I was eventually found to have rheumatoid disease which in a way was no bad thing, as doctors now listen to me, and are a bit more helpful.
I do hope that you find a combination of treatmments and drugs that will help you.
Moffy x
Thanks Moffy.....tried tramadol....made me worse.. amtriptalin, pregabalin, zomorphe antidepresants..all had side effects..ended up with such awful constipation it ended up in a prolapsed bowel....not nice....had that sorted out... now absolutley terrified to try anything that might upset my tummy more than it is on a day to day basis now.....CBT...great for a while but in the real world how can you 'live' a 'normal' life ...pacing every thing you do..and if DWP have there way I'm going to have to look for a job in November...i'm sure any prospective employer will go out of there way too provide me with a nice quite room to go and have a lye down when I'm not feeling well and will just accept that if I need a few day's off to 'recover' they'll be only to please to accommodate my needs .......some hope of that...
6 years ago I tried this, it was expensive as you can't buy it in the u.k (and it also has to be cleared by customs)or at least it used to be and I also had to pay the post office for that
before I started the guaifenesan, I did 6 months homework on it,you have to avoid anything with salycilates in as it apparently "blocks" the guai from working and also avoid anything that has natural plant in them, practically most toiletries,hairspray,deodrant, things you use everday and take for granted has either salycilates or/and natural things in ,if on the back of your deodorant it says amongst the salycilates(especially benzl salycilate) and/or aloe vera or any natural fragrance you can't use it,even soil from the garden will block it working,toothpaste was hard to get for me,let alone all the ream of toiletries I needed,buying stuff that had none of the above mentioned things were expensive on top of buying the guai from America, after another 3 months of deep research I managed to track things down that I could use(I gave up wearing any make -up), i decided to do the protocol, so i tried it for two years ,reading the backs of any container to make sure i could use it, i tried doing the guai protocol, but after a lot of cost as the guai isn't cheap, i felt no better so for me personally it did not work whatsoever although i stuck to the protocol ridgedly so i stopped it...there is a book called"what your doctor didn't tell you about fibromyalgia" and it haswritten in there all about the guai protocol ,i would recommend reading that before buying guai as it sort of explains things, so it isn't a matter of buying guai and just popping a pill every day and it will make you better....it's a lot more difficult than that ,but if you feel like doing it ,i would research it a lot first ..
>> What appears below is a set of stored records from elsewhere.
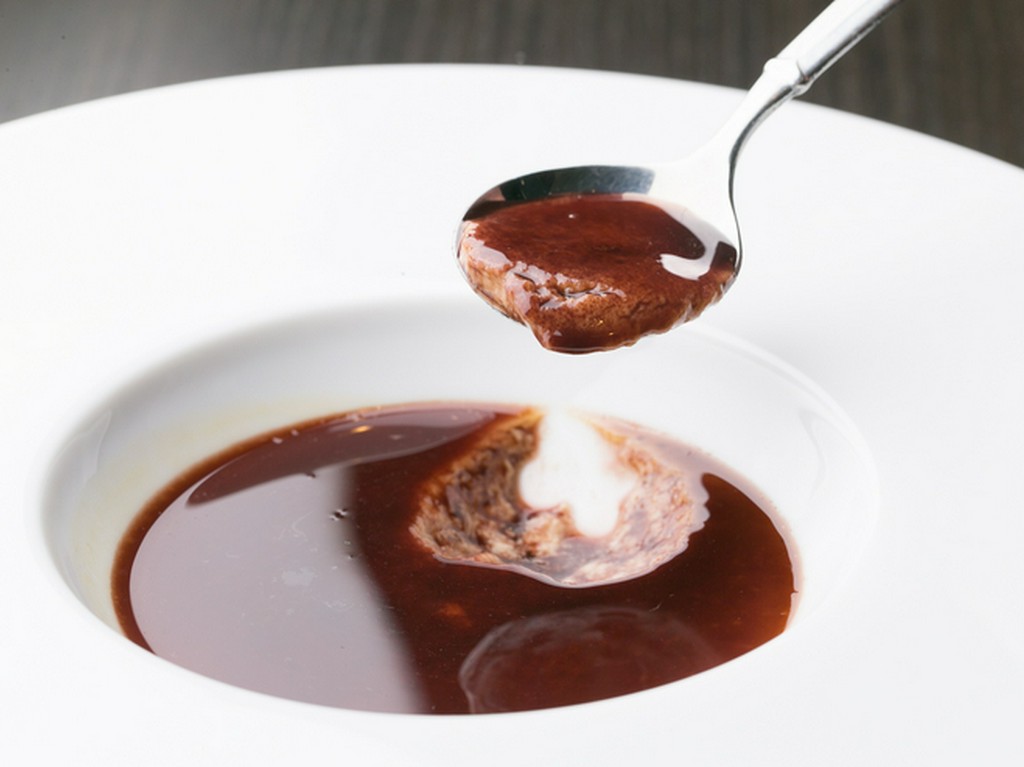 舌触りなめらかで濃厚。贅沢な『フォアグラのフラン』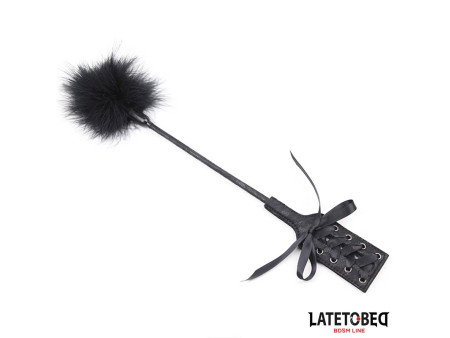 Plumero con Fusta Encaje y Lazo Negro Plumero con Fusta Encaje y Lazo Negro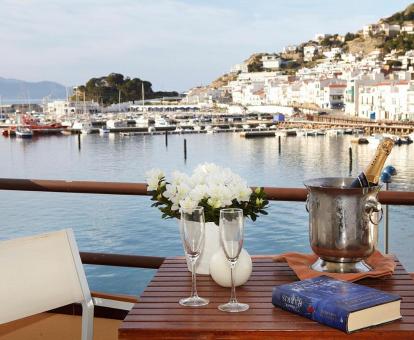 Foto de las instalaciones de este hotel con vistas al mar.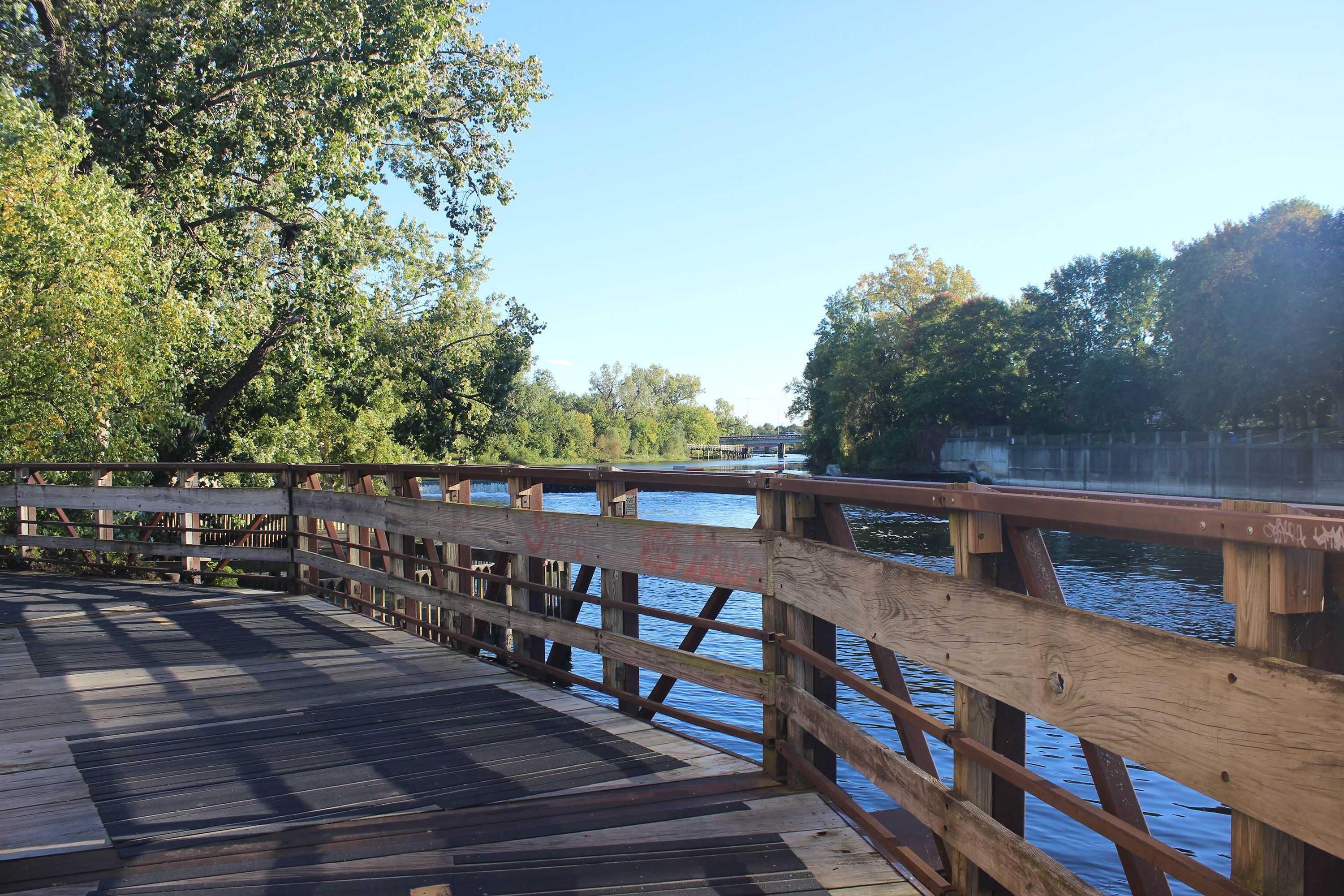 Attacks of 5 men along a Michigan trail raise questions about a possible serial killer — WESH 2 Orlando, Lake Mary Community news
Thanks for that .....I'll do a bit more research....After a recent visit to my Doc's and asking for a test for Candida .... the result has come back 'positive'.and they've phoned me today to start treatment....I've had the symptom's for years, but it was never picked up by my Doc...my dentist told me to get checked as she had noticed 'a white tongue' and cracks in my tongue on the past 4 visits to her and though I was aware of it......yes I was but every time I'd asked the Doc and stuck my tongue out and asked....'should I be worrid about it' the answer came back...'No I don't think so' .....it apparently is a sign of auto immune defeciency...on my next visit to him I'm going to ask him why he never picked up on it and if it has been prsent for some time could it have spread to other parts and be causing my 'fybro' pain and stiff joints...comes to some thing when the patient becaomes the doctor...
A book I found helpful when dealing with systemic Candida myself some years back was 'Candida Albicans' by Leon Chaitow. I was unresponsive to the medications available to my GP (and didn't then know how to access other medications through private GPs, etc) so the tips on diet and supplements in the book (best done alongside effective meds though) were helpful to me.